**DATA SUPPLIED:**
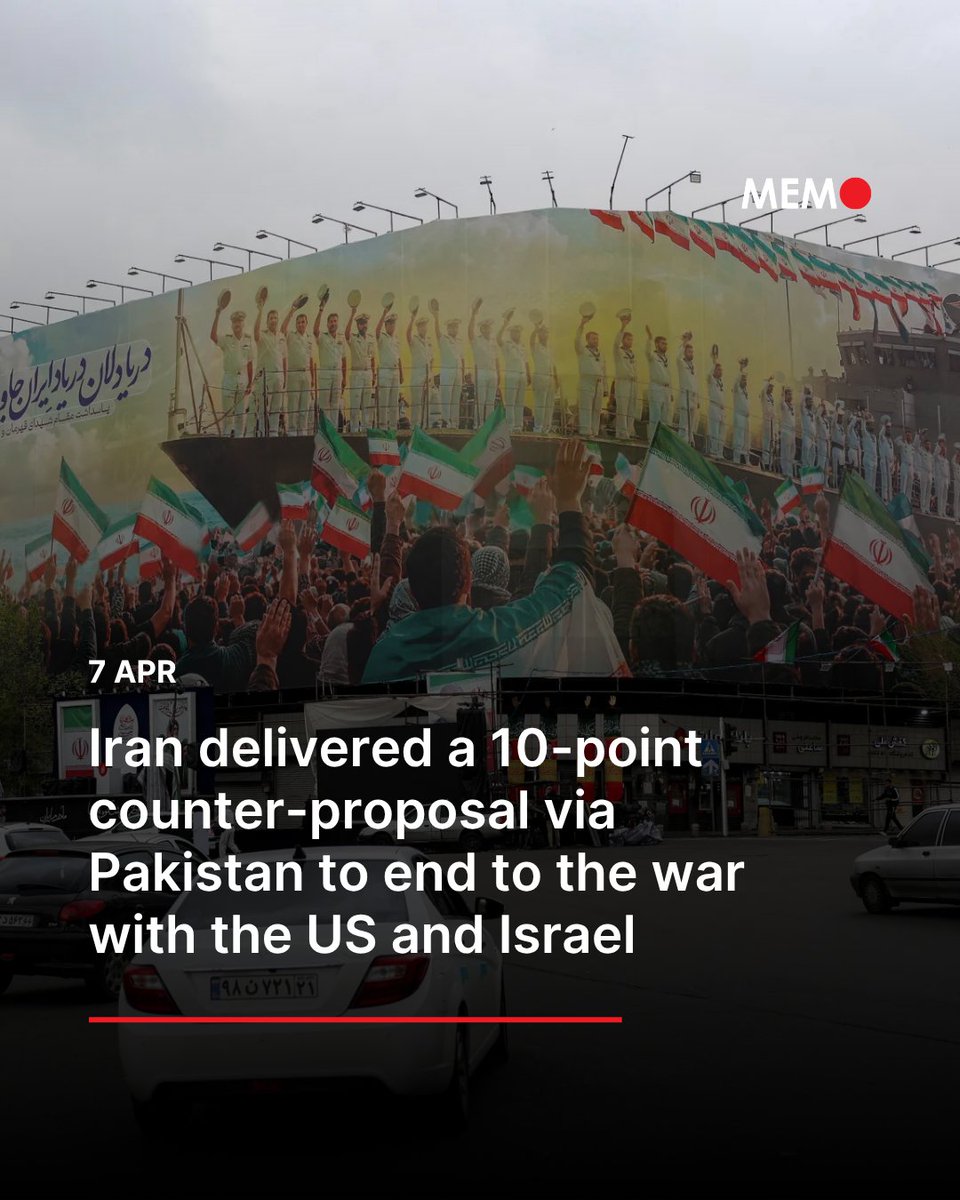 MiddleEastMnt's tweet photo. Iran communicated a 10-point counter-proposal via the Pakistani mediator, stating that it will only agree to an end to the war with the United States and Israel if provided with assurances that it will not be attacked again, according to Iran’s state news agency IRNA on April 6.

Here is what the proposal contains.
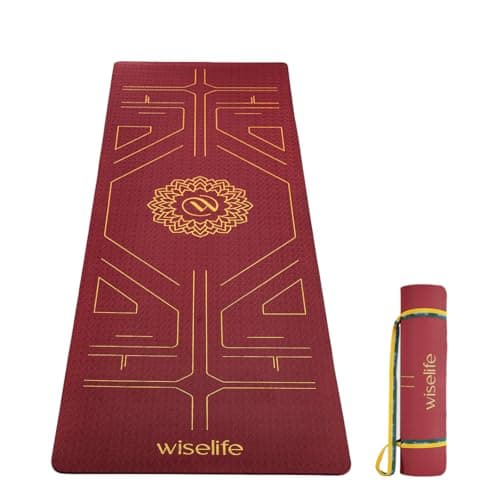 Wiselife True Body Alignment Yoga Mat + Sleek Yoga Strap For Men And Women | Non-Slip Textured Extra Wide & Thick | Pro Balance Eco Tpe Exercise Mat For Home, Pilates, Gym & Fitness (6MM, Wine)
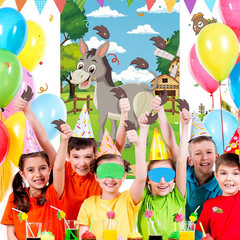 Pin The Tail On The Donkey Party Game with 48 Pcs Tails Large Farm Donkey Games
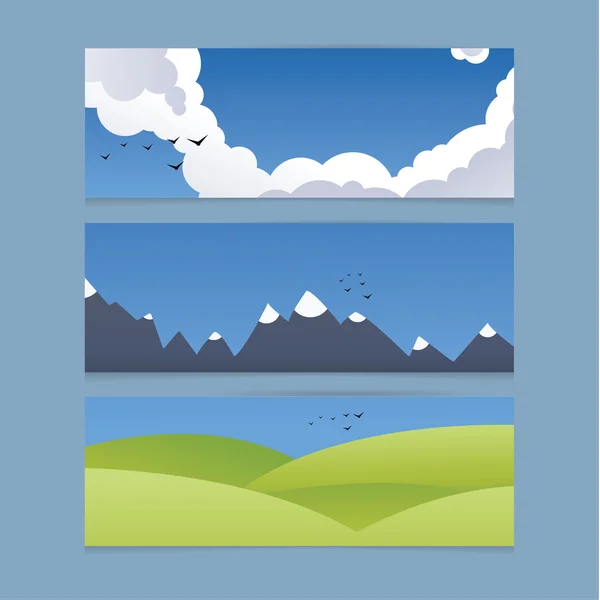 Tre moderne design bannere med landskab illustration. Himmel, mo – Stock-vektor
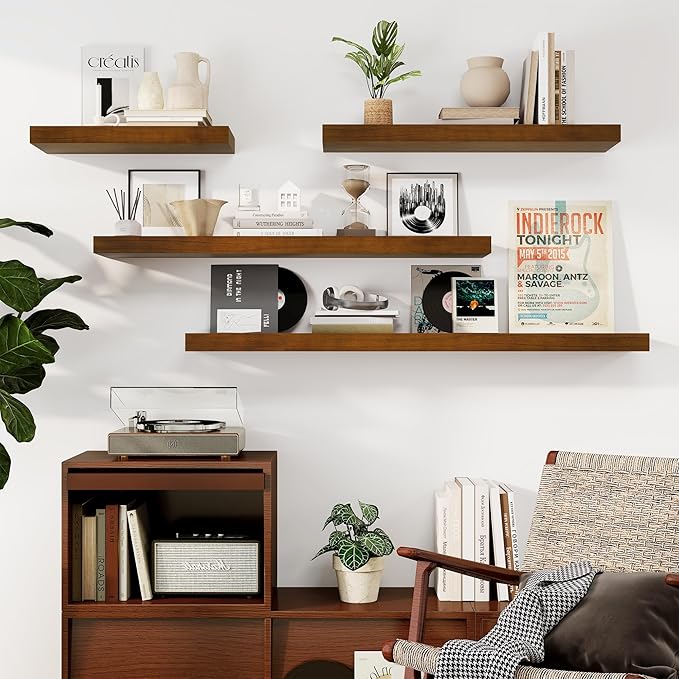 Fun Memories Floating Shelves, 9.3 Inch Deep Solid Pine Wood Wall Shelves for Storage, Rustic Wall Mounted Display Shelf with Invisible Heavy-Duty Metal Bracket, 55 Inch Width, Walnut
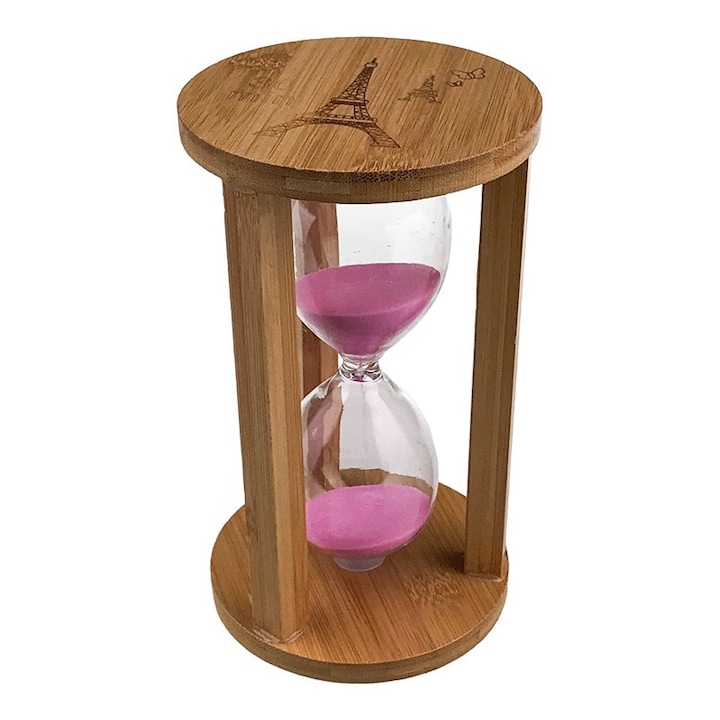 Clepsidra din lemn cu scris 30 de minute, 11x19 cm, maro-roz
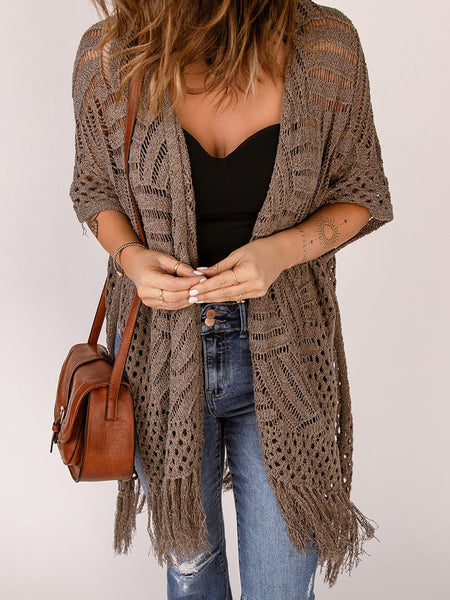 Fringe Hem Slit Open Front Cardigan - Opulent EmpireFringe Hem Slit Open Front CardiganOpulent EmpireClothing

**PROBLEM TO SOLVE:** Your copy of the data should match it exactly, apart from the images, which are omitted.

**TASK ANSWER:**
 MiddleEastMnt's tweet photo. Iran communicated a 10-point counter-proposal via the Pakistani mediator, stating that it will only agree to an end to the war with the United States and Israel if provided with assurances that it will not be attacked again, according to Iran’s state news agency IRNA on April 6.

Here is what the proposal contains.
 Wiselife True Body Alignment Yoga Mat + Sleek Yoga Strap For Men And Women | Non-Slip Textured Extra Wide & Thick | Pro Balance Eco Tpe Exercise Mat For Home, Pilates, Gym & Fitness (6MM, Wine)
 Pin The Tail On The Donkey Party Game with 48 Pcs Tails Large Farm Donkey Games
 Tre moderne design bannere med landskab illustration. Himmel, mo – Stock-vektor
 Fun Memories Floating Shelves, 9.3 Inch Deep Solid Pine Wood Wall Shelves for Storage, Rustic Wall Mounted Display Shelf with Invisible Heavy-Duty Metal Bracket, 55 Inch Width, Walnut
 Clepsidra din lemn cu scris 30 de minute, 11x19 cm, maro-roz
 Fringe Hem Slit Open Front Cardigan - Opulent EmpireFringe Hem Slit Open Front CardiganOpulent EmpireClothing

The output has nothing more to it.